Des rues, des ruines, une ville à l'agonie. Protecteur de l'impératrice, elle est assassinée sous vos yeux, et sa fille enlevée. Ceux qui ont fait le job se sont éclipsés avec le vent, disparus en un éclair. On vous croit coupable et vous met aux arrêts. De mystérieux alliés, convaincus de votre innocence, vous font parvenir la clé de votre cellule et une lame. Des Loyalistes, allergiques aux mensonges et furieux que le pouvoir soit désormais aux mains d'un pourri, faute d'être entre celles de l'héritière. La petite Emily. Il vous faut la retrouver. Pour cela, il faut trouver les bonnes personnes, interroger les réticents, frapper aux portes, vous armer. Et ne pas craindre le surnaturel, votre plus précieux allié.

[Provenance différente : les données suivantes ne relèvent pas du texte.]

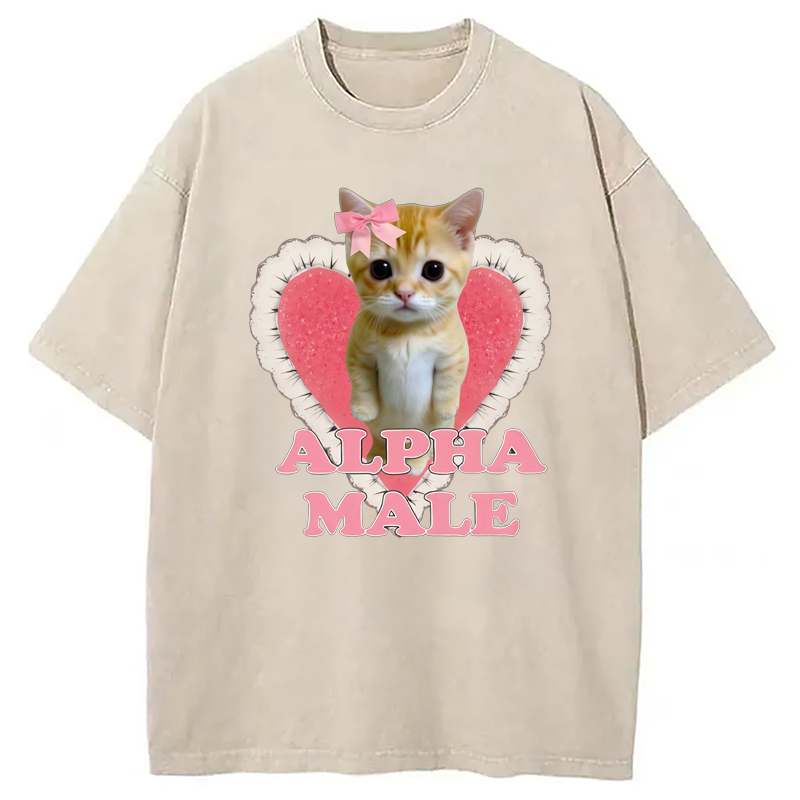 Modecanvas Alpha Male Kitten Washed T-Shirt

L'envie de crier au plagiat s'estompe aussi vite qu'elle est venue. Un héros cagoulé qui court sur les toits pour déjouer un complot ? Même ses novices penseront immédiatement à Assassin's Creed. Un personnage ambidextre dont une main manie les armes et l'autre des pouvoirs d'invocation ? Mettez un aquarium devant votre téloche et hop, c'est Bioshock. Les créateurs veulent donc se frotter à une date récente du FPS, rien que ça. Sauf que non, conneries. Il ne faut pas les blâmer mais se réjouir : le génial Bioshock a déjà fait école. Le gameplay est similaire mais faire à l'identique ne veut pas dire faire aussi bien. Notion plus qu'acquise : Dishonored a compris la leçon et l'applique, il ne la récite pas.

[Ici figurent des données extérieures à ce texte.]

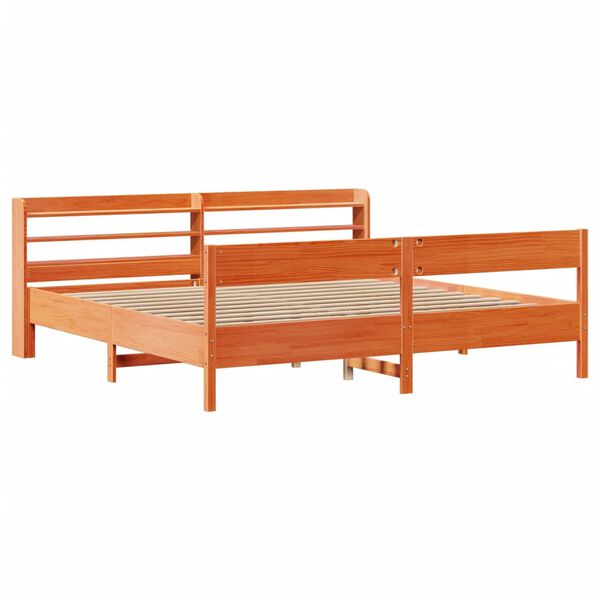 vidaXL Bed Frame without Mattress Wax Brown 200x200 cm Solid Wood Pine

Du coup, il s'émancipe très vite de son modèle. Malgré un goût également marqué pour l'élégance rétro-futuriste, lui plonge dans le passé, dans des intrigues de cour qui se fomentent en haut lieu alors que les masses agonisent sous les assauts de la peste. Désormais bras de la vengeance, vous allez de haut en bas sur l'échelle sociale, infiltrant manoirs et maisons de passe mais côtoyant des bandits, une vieille folle et un mentor venu d'ailleurs. Les rats, eux, font un festin des cadavres et s'attaquent aux bien-portants. Tuer ses ennemis ou les esquiver discrètement, on peut réussir ou échouer les deux. Ramper dans les égouts, cavaler sur les toits ou raser le bitume. Là aussi, à vous de trancher. Quel que soit le chemin, l'ivresse est immense.

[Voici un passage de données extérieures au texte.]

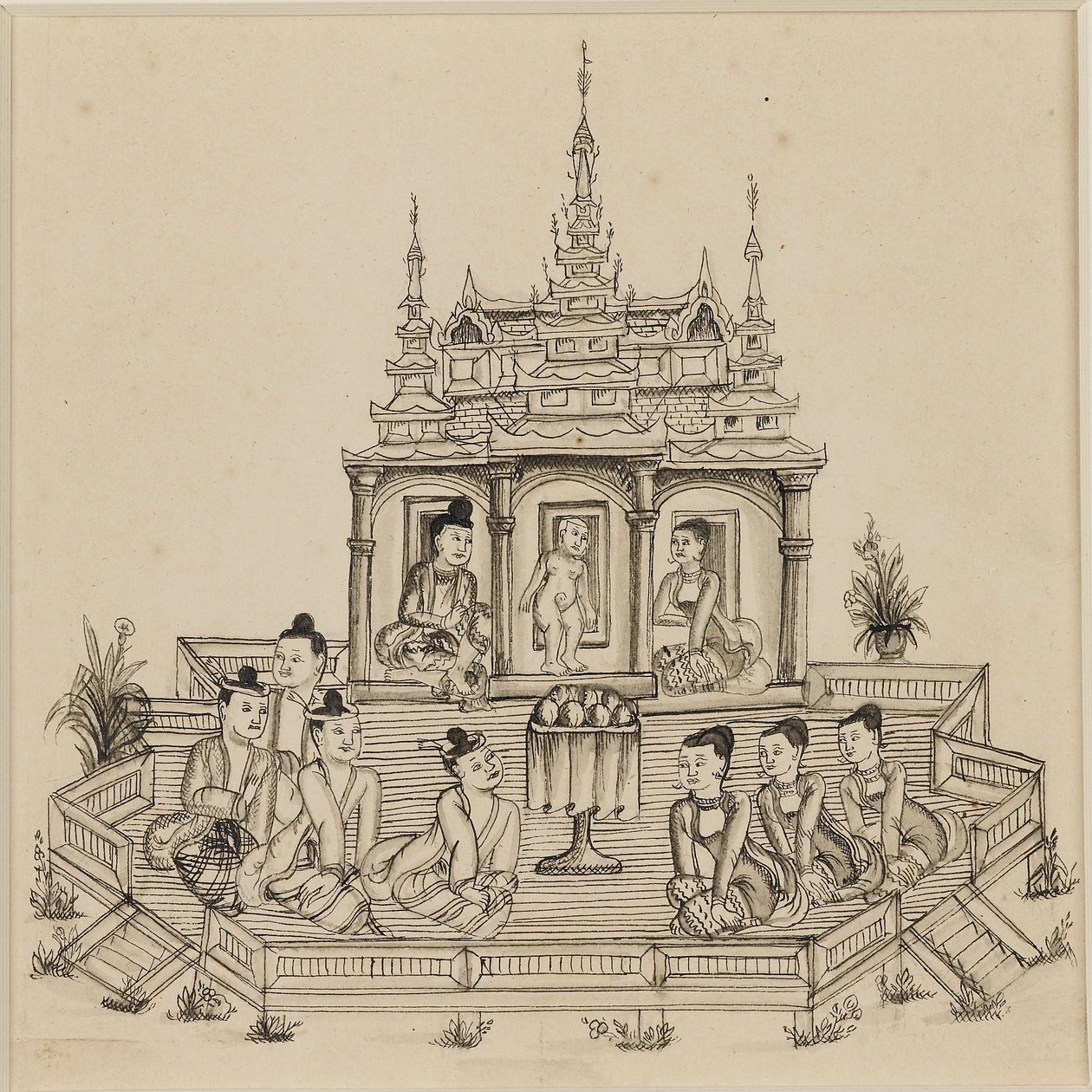 Vessantara Jataka のシーン、1880 年頃 作： 不明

Prodige rythmique, Dishonored prend un malin plaisir à nous donner envie de tout essayer, l'action et l'infiltration. L'attente est aussi délicieuse que les combats sont furieux, dynamiques et violents. Portant un masque métallique, on se retrouve happé par une espèce de monde ouvert en mode mineur : sans être illimité, il semble toujours receler un recoin inexploré, conséquence d'une direction artistique éblouissante. Teinté de fantastique, Dishonored porte haut son sens du décorum et de la liberté d'action. Proposant une batterie d'améliorations et d'armes, l'aventure cherche et atteint l'efficacité maximale permise par une trame simple et solide. Vous voilà grandi, la silhouette spectrale et le geste surhumain. Anti-héros, au sens premier du terme. Déshonoré mais fier.